There are many techniques for heating which include: heat guns, warming blankets, pre-heating the cans of epoxy before use, warming the substrate with local baseboard heaters contained with temporary walls of plastic sheeting, etc. It’s best to use temperatures below 300°F (150°C) for speed curing (this includes heat guns). Since epoxies react by giving off heat (in an exothermic reaction), the thicker you apply an epoxy, generally, the faster it cures. Conversely, if your summer temperatures are very hot, the amount of useful life of epoxy mixes may be too short for practical use. In this case, cooling the separate components before use in an ice bath or air-conditioned area will help extend the mixed life.
- Get thinner with heat
If your epoxy is too thick, preheat the components before mixing. Store the epoxy containers overnight in a closet with a portable heater or put them in the cab of the truck with the heater turned up when it’s cold outside. Some field technicians mount a light bulb inside their epoxy injection pump to warm the epoxy in the reservoirs. An epoxy with a viscosity of 1000 cPs at 50°F might have a viscosity of only 150 cPs at 80°F. Don’t forget that useful (mixed) lives and cure times are also affected by temperature.
- Polymers shrink
Epoxies and other polymers have a curing property that is rarely discussed. When A + B components are mixed in proper proportions, most polymers exhibit both linear and volume shrinkage upon cure. This is because the newly formed cross-linked polymer takes up less space than the separate unreacted components. Shrinkage is factor that must be considered when the use of repair polymers might involve a thick cross-section of cured material.
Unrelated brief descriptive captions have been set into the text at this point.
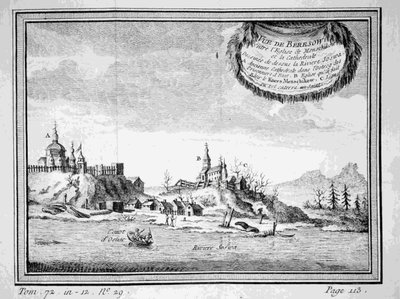 Utsikt over Beryozovo fra Sosva-elven, 1770-tallet av Unbekannt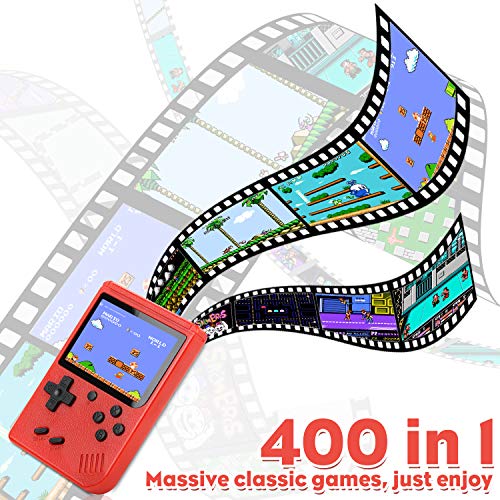 Fivejoy Consola de Juegos Portátil, Juegos Electrónicos Portátiles, Consola Retro 400 Juegos Clásicos Soporte TV Juegos Portátiles y Dos Jugadores, Regalo de Cumpleaños para los Niños Padres Rojo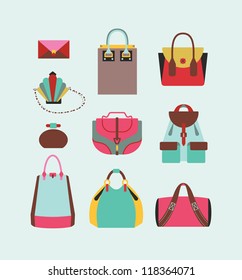 collection of woman bags for day and evening illustration eps 10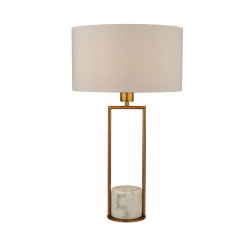 Claire 45cm Gull bordlampe Fra Searchlight - Med sin åpne og luftige ramme og en rund marmorbase gir den et moderne, men tidløst preg som passer perfekt i både klassisk og moderne interiør.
How thick is too thick before you will develop a problem such as internal stresses in the repair? The answer is that it depends on the specifics. There are some tactics which include the use of installing multiple lifts, low exotherm and/or low modulus resins and aggregate filled epoxy systems which help alleviate problems when thicker cross-sections of repair materials are needed. Please call us for advice.
16. Polymers move more
In addition to shrinkage upon cure, remember that most concrete repair polymers including epoxies have a thermal coefficient of expansion that is greater than that of other substrates such as concrete or steel. How much different varies with the polymer and whether it is filled with inorganic solids. A generalization is that the polymers expand or contract with heat or cold temperature changes about 5-10 times more than concrete or steel over the same temperature change. This is another critical factor to consider when placing large (thick) cross-sections of polymer repair materials. Call us for specific advice.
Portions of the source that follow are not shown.